The World Health Organization (WHO) officially declared the coronavirus outbreak a pandemic on Wednesday, clarifying weeks of confusion over whether or not it constituted one. “We expect to see the number of cases, the number of deaths and the number of affected countries, climb, even higher,” Tedros Adhanom Ghebreyesus, director-general of the WHO, told reporters during a press conference. “And we’re deeply concerned — most by the alarming levels of spread and severity. And by the alarming levels of inaction.”
According to the latest data from Johns Hopkins University, the pandemic now includes over 121,000 cases in more than 100 countries — including at least 1,000 cases in the U.S. Over 4,300 people have died. As the WHO urges more countries to take action, and ramp up containment efforts, here’s what you need to know about pandemics.
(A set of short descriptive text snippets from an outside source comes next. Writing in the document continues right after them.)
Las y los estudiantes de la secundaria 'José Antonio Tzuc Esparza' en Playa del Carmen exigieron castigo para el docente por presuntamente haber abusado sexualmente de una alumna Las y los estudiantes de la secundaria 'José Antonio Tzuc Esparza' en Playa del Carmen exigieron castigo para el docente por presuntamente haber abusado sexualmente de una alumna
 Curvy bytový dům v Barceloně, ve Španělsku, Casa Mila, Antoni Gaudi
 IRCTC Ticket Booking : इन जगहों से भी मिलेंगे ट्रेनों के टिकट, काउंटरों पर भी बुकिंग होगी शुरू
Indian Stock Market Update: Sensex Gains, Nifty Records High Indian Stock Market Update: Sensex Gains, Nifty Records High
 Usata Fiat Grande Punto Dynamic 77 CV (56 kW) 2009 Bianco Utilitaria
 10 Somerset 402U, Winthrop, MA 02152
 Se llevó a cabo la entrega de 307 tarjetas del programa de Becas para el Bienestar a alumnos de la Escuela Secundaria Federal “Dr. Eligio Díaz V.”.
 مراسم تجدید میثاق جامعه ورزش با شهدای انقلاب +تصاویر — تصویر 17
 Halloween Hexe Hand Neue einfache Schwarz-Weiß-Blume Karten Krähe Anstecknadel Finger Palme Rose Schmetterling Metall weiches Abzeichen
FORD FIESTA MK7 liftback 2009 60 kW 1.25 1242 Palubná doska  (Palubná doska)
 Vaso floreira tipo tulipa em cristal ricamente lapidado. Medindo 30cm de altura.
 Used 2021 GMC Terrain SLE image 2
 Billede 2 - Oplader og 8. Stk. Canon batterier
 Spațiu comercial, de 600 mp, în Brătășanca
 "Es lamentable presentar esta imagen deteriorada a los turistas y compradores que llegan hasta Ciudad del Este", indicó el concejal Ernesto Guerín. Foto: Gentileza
Pandemic means “all people”
The word “pandemic” itself originates with the Greek work pándēmos which translates to “all people.” The WHO defines it as the “worldwide spread of a new disease” — a recent example being the HIV crisis. “A pandemic just means that there are many cases of infectious diseases in multiple parts of the world and that it constitutes something that’s above the baseline rate that you’d expect,” infectious disease expert Amesh A. Adalja, MD, senior scholar at the Johns Hopkins Center for Health Security, told Yahoo Lifestyle in an earlier interview. “It doesn’t say anything about severity.”
The CDC will activate specific protocols
While the WHO no longer uses the pandemic term as an official classification, the CDC has what’s known as a Pandemic Severity Assessment Framework (PSAF) that it deploys when one is declared. The tool measures many things, including what decisions federal, state and local health officials need to make in order to contain the virus in their communities. On Tuesday, officials in New Rochelle, NY, announced a one-mile radius containment zone to stop the spread of the virus — now that a pandemic has been declared, more of these declarations may follow.
The WHO is likely to release its own guidelines
Based on past pandemics, the WHO Is likely to release what’s called an official protocol report in the coming days, outlining for the 196 countries that participate in the UN what steps need to be taken to immediately contain the virus. The report may address things like travel, sanitation, quarantine strategies and more.
The word is meant to galvanize
The coronavirus was declared a global health emergency — the most severe on the WHO’s six-part scale — months ago, but WHO officials deciding to use the pandemic terminology is likely meant to intentionally galvanize countries to fight. “When you declare a pandemic, everybody has to sit up and pay attention,” William Schaffner, MD, an infectious disease specialist and professor at the Vanderbilt University School of Medicine said.